Jarak dari warung nasi ke 'Senja Cafe'--nama tempat Mera bekerja, hanya sekitar 300 meter. Daripada mengeluarkan biaya untuk membayar ojek, Mera lebih memilih berjalan kaki. Kendati teriknya kota Jakarta tidak bisa di toleransi, Mera tetap nekad demi uangnya tetap utuh.

“Mera!”

Gadis berkemeja abu tua itu menutup kuping, melindungi gendang telinga dari teriakan sosok bertubuh ramping. Sudah tahu ekspresi Mera berubah masam, senyum Arum masih setia terpatri tanpa dosa.

“Siang panas begini teriak-teriak, nggak takut kaca jendela pecah apa, Rum?” Mera melengos, menghindari tatap muka Arum yang masih mencoba mendekati.

Aigo, kafe baru di buka, loh, Ra, tapi tampang lo udah kusut begitu,” tutur Arum dengan gaya bicara bercampur bahasa Korea yang ala kadarnya.

“Tahu, ah, Rum. Mana sapu, biar gue yang nyapu hari ini.”

“Nah, kan, menghindari pertanyaan itu dosa, loh, Ra.”

“Iya-iya, udah mana sini sapu!”

“Ck, nggak asik lo, Ra.”

Mera tidak peduli, yang terpenting sekarang adalah menyapu lantai agar kafe terlihat lebih bersih. Sepertinya panas matahari tadi mempengaruhi emosi Mera hingga dirinya menjadi sensi begini, ataukah karena jadwal datang bulannya akan datang sebentar lagi? Mengingat tanggalnya yang terbilang tidak jauh-jauh hari.

“Padahal gue pengin ngasih tahu kalau pacar online gue baru aja comeback, Ra. Gila ganteng banget, sih!” Gadis berambut pendek itu menyerahkan alat pembersih pada Mera, sembari terus mengoceh perihal artis Korea yang dikaguminya.

Sedangkan Mera hanya menganggapnya sebagai angin lalu, tidak terlalu penting, batinnya.

“Eh, Ra, bukannya itu Paman lo?”

Mera bergeming sebentar, lekas ia mengikuti arah pandang Arum ke luar kaca transparan guna menemukan keberadaan Rendi. Benar saja, Mera melihat sosok pamannya sedang melangkah terburu-buru seraya menggenggam amplop berwarna cokelat. Dari dalam kafe, Mera bisa melihat ekspresi cerah di wajah Rendi, seolah lelaki dewasa itu telah memenangkan sesuatu.

“Kayaknya dia menang judi,” ujar Mera membuat Arum membelalakkan mata.

“Seriusan, Ra?! Gila, sih, gue kira udah tobat, tuh, Om-Om.”

“Tobat apaan! Yang ada malah makin parah.”
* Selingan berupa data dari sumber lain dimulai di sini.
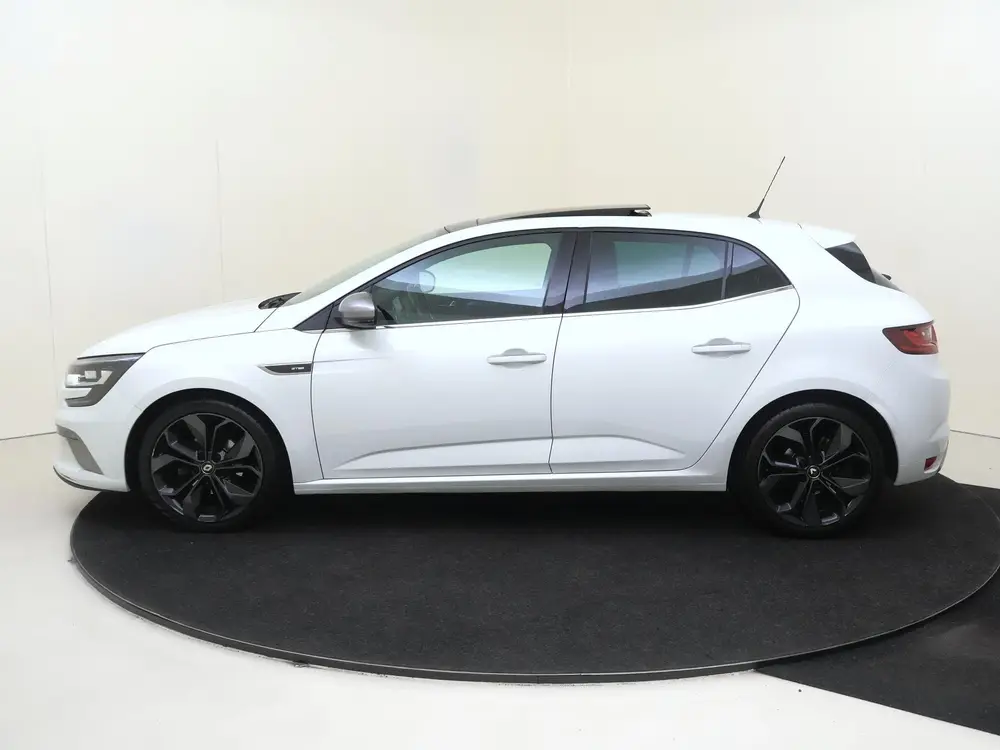 Renault Mégane Mégane 1.3 TCe GT-Line | Navigatie | Elektrisch sch uit 2019, foto 8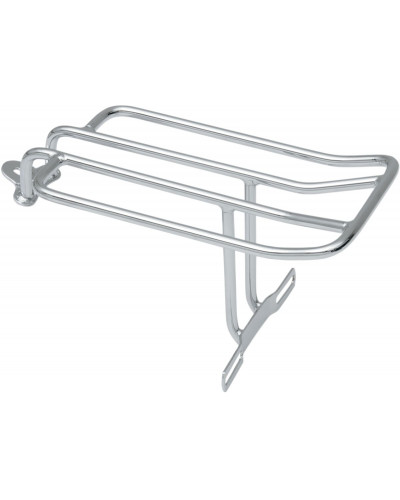 Kit Fixation Top Case Universel Moto DRAG SPECIALTIES RACK LUGGAGE 06-17FLSTC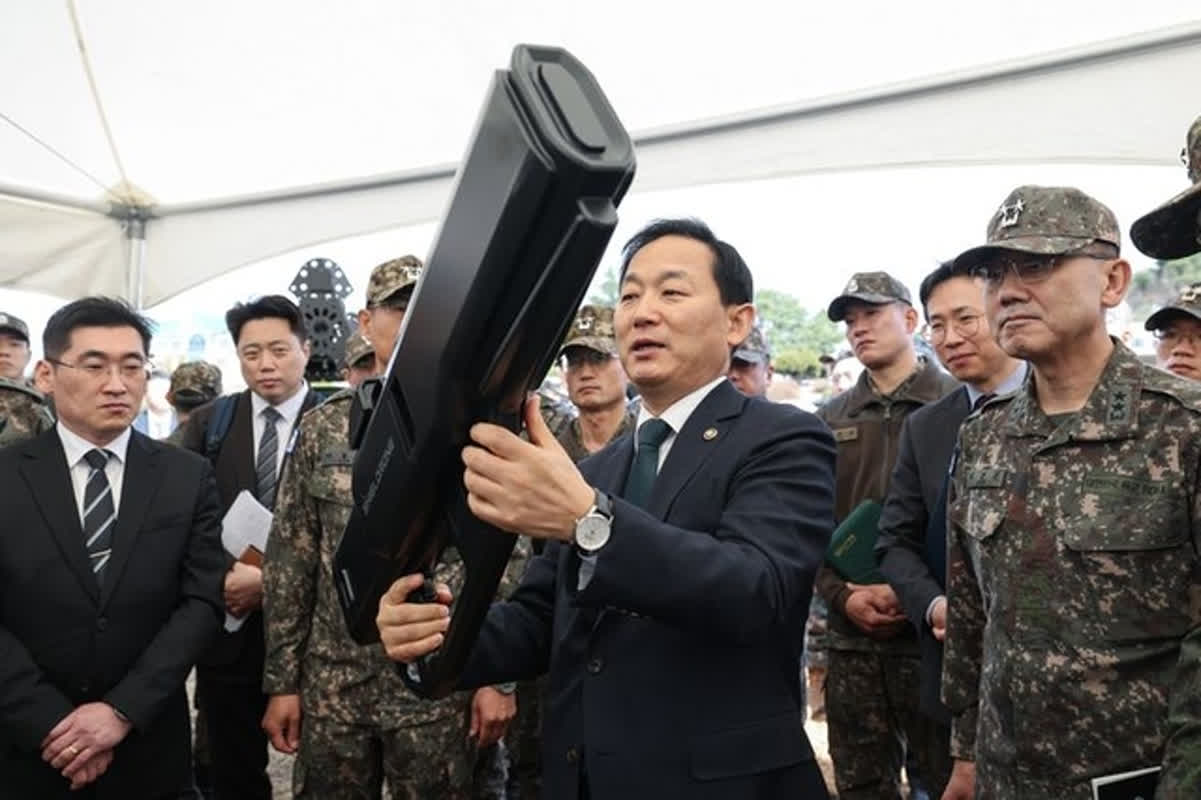 AIとロボットが戦場を変える？韓国国防部が挑む「次世代軍事技術」の舞台裏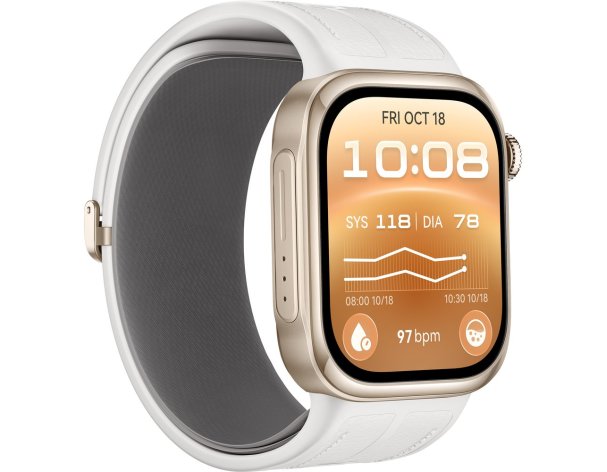 Smart-watch Huawei Watch D3 gold (55020KBJ)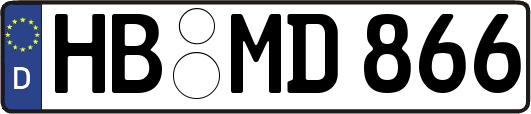 HB-MD866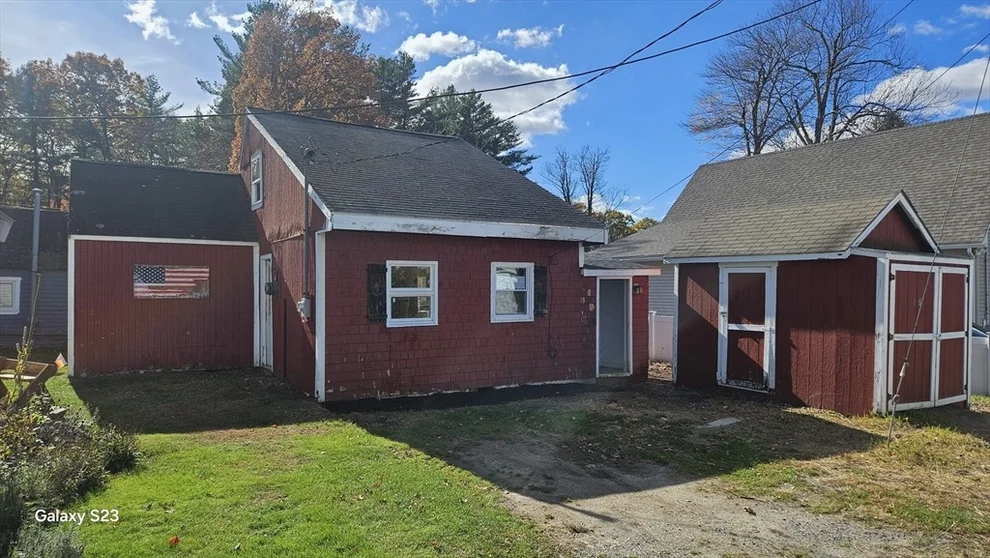 Unit for sale at 18 Laurel Ave, Sterling, MA 01564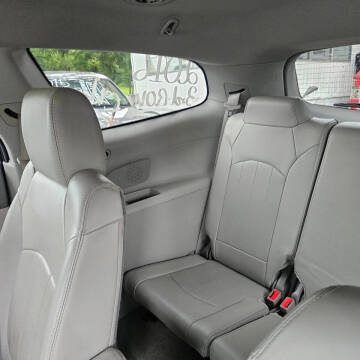 2016 Buick Enclave Leather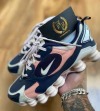 Nike Shox 12 Molas TL Nova – Preto e Rosa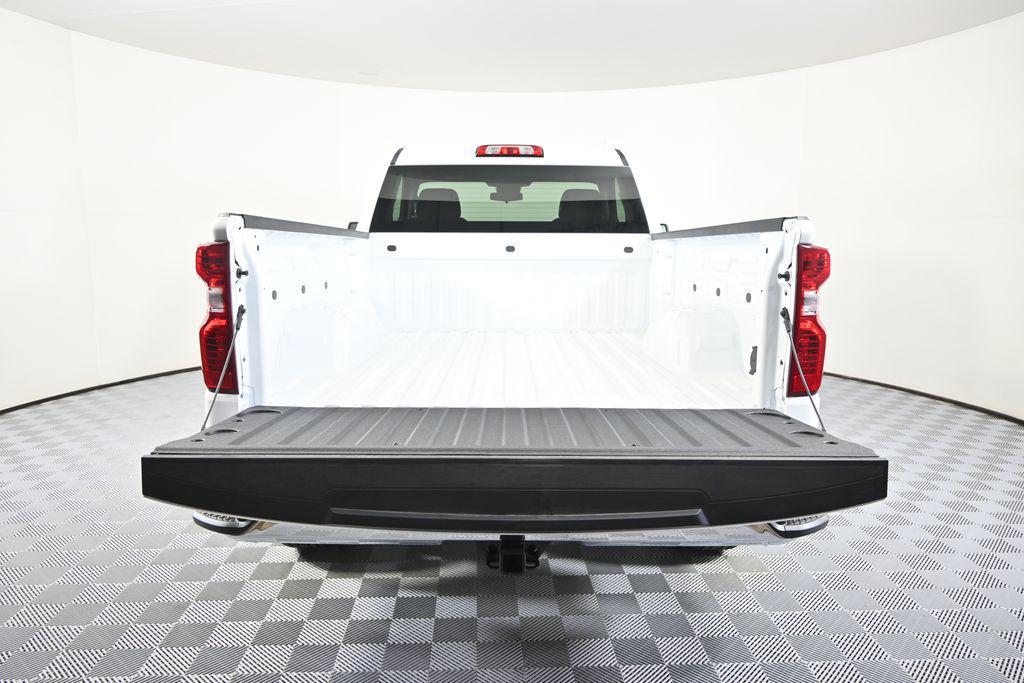 new 2026 Chevrolet Silverado 1500 car, priced at $42,975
“Demi apa, Ra?! Wah, kalau gue jadi Tante lo, udah gue loakin, tuh, lelaki begitu!”

“Tante gue 'batu' pakai banget, Rum.”

Arum yang tengah mengelap meja sontak mendesah kasar, ia sudah akrab dengan kondisi orang-orang rumah Mera yang jauh dari kata harmonis. Terkadang Arum merasa kasihan, bahkan beberapa kali mengajak Mera untuk tinggal di indekosnya. Namun, Mera tetaplah Mera. Sahabatnya itu selalu bersembunyi dari kalimat 'baik-baik saja', pernahkah Mera merasa kalau ia juga keras kepala?